Humorkritik | August 2017
August 2017
Die Erhabenheit ist einfach bekömmlicher, wenn man ihr eine Prise Quatsch beimischt.
Hermann Schlösser
Weder Nazi noch Reza
Die letzte Pointe kommt unerwartet, und zumindest an dieser Stelle war der Film dann vielleicht doch schlauer als ich, der ich eine schwarz-weiße Stunde lang mit Knallköpfen und Abziehbildern des linksliberalen britischen Bürgertums konfrontiert war – die zynische Altfeministin; der tapsige Esoteriker und Life-Coach; die sozialdemokratische Karrieristin, die von Zweifeln befallen wird, ob sie nicht allzulange ihren Mann und dessen Probleme vernachlässigt habe; der koksende Bösewicht-Banker –, so daß ich, weil auch die Klischeerolle der männerhassenden (und schwangeren) Lesbe schon gut besetzt war, nicht mehr damit gerechnet hatte, daß die heimliche Liebschaft der Politikerin ebenfalls eine Frau sein könnte. Surprise, surprise. Bis zu diesem Punkt aber habe ich einem Kammerspiel beiwohnen dürfen, das, bei aller oberflächlichen Ähnlichkeit mit Produkten z.B. einer Yasmina Reza, seinen Fortgang nicht aus Dialogen und dem zunehmenden Clash of Weltanschauungen bezieht, sondern einfach dort, wo ein Effekt seine Wirkung allmählich verliert, einen neuen Effekt auffährt: Alkohol – Kokain – geheimer Handyflirt – versteckte Pistole – Drillingsschwangerschaft (Bekenntnis 1) – tödliche Krankheit (Bekenntnis 2) – Affäre (Bekenntnis 3) – Affäre 2 (Bekenntnis 4) … Wenn dazwischen politisiert wird und Gewißheiten, wo schon nicht ins Wanken, so doch in Schwingung geraten (die linke Gesundheitspolitikerin erkennt die Nachteile von Kassenärzten; der todkranke Atheist beginnt, dem Karmageschwätz des Esoterikers zuzuhören), so dient es eher zur Füllung der Wartezeit bis zur nächsten Überraschung.
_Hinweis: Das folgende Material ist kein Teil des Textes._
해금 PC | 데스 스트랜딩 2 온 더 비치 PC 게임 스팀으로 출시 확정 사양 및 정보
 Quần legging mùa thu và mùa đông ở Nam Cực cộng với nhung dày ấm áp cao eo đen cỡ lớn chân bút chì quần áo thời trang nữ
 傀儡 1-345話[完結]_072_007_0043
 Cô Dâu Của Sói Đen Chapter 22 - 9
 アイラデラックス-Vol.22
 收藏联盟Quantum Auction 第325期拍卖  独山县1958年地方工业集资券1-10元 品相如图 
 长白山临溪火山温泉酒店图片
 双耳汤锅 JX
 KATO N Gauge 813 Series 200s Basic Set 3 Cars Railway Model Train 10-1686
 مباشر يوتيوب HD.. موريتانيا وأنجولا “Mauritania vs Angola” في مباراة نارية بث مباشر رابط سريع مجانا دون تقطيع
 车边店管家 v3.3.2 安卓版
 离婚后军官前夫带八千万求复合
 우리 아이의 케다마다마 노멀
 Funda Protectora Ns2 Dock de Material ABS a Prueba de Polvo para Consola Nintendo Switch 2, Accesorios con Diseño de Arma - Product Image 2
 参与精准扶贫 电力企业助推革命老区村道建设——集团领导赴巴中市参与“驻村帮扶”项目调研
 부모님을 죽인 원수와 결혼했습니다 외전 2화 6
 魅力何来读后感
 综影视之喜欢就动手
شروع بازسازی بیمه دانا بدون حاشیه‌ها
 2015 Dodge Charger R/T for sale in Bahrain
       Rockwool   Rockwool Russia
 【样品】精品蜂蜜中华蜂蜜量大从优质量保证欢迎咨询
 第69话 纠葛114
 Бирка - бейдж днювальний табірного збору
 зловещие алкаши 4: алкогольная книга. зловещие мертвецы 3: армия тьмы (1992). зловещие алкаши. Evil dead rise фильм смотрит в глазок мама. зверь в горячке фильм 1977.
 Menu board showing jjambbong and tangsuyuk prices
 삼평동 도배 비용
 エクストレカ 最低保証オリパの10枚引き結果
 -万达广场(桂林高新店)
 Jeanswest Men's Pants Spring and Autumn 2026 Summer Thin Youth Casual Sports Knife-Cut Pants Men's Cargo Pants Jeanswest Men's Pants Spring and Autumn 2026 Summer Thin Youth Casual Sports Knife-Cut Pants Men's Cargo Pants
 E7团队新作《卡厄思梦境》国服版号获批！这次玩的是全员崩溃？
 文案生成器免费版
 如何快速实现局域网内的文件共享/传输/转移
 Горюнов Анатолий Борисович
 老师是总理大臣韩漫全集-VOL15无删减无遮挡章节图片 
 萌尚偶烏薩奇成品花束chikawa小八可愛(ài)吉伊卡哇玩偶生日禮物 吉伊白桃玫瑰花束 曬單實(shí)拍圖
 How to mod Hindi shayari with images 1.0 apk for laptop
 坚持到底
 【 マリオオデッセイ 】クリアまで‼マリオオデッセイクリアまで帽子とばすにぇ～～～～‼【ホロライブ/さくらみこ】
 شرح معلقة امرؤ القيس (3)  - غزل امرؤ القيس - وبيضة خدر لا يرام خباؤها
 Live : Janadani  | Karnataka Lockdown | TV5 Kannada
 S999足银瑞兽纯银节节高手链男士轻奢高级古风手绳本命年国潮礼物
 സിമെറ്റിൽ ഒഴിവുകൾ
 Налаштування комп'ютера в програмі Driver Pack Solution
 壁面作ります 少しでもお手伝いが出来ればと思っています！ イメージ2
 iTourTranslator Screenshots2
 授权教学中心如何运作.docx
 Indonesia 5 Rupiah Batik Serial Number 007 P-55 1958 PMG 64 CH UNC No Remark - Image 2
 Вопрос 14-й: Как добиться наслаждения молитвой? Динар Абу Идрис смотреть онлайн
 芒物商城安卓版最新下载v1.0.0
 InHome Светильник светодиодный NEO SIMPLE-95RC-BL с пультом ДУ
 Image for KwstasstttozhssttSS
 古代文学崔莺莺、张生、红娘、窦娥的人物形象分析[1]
Immerhin: Nicht in jedem Film wird ein Todkranker verprügelt. Spaß gemacht hat mir auch Bruno Ganz als Eso-Hippie Gottfried (»Es ist besser, eine Fensterscheibe geht zu Bruch, als das Fenster zu jemandes Seele!«) im Duett mit seiner desillusionierten linken Gattin (Patricia Clarkson), die Schwangerschaft auf diese Weise würdigt: »Ihr wißt ja, Kinder werden jeden Tag geboren und ruinieren unseren Planeten – darum lieber einen Toast auf die Ministerin!« Ganz, dessen Comedy-Qualitäten ich seit seiner Hitlerverkörperung schätze, darf zwischendurch auch noch »Aber ich bin kein Nazi!« rufen. Dochdoch, man kann sich das Ganze (»The Party«, Regie: Sally Potter) durchaus anschauen. Trotz gewisser Durchhänger und recht schabloniger Figurenzeichnung habe ich mich etwa dreiviertel der Zeit gut amüsiert.